Millipede

Millipede

Millipede

The gameplay of Millipede is similar to Centipede but differs mostly in enemies:
• Earwig: same as the scorpion in Centipede, making mushrooms poisonous so that the millipede will charge straight to the bottom of the screen after touching them.
• Bee: same as the flea in Centipede, dropping mushrooms in a vertical line and requiring two shots to kill.
• Spider: same behavior as in Centipede, bouncing irregularly across the lower portion of the screen and eating mushrooms. Multiple spiders can appear at the same time on higher levels.
• Inchworm: when hit, slows all enemies for a short period of time.
• Beetle: crawls around the player area for a while, then climbs up and leaves the screen, turning any mushrooms it touches into indestructible flowers. When hit, everything on the screen scrolls down one row.
• Dragonfly: drops mushrooms while zigzagging down, and can be destroyed with a single shot.
• Mosquito: bounces off the sides of the screen as it descends diagonally. When hit, everything on the screen scrolls up one row.
• DDT bomb (stationary): can be blown up with one shot, destroying all enemies and mushrooms within the blast radius. Whenever the mushrooms scroll down, a new bomb is added at the top of the screen. Up to four bombs can be in play at one time.
All flowers and poisoned/partially destroyed mushrooms revert to normal, whole mushrooms when the player loses a life.
At regular intervals during the game, the player will face a swarm of enemies (bees, dragonflies, etc.) instead of the usual millipede.
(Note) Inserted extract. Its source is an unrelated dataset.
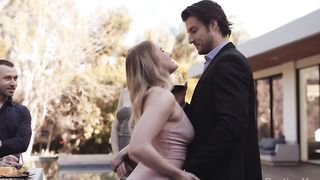 Casual Wife Swapping Pt.2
Each enemy destroyed awards increasing points, up to a maximum of 1,000 points per enemy; this attack ends when either the entire swarm has passed or the player loses a life. Also, at intervals new mushrooms will grow on the field while others die off.
Players can also choose at the start of the game whether to play at an advanced level, starting with a score that is a multiple of the number of points needed to earn an extra life (by default, 15,000). The gameplay is generally much more advanced than it would be had the player started with a score of 0 and worked their way up to that point level. The maximum advanced level allowed is a function of the preceding player’s score, and games started at an advanced level where the player did not earn at least one extra life are not eligible for the high scoreboard.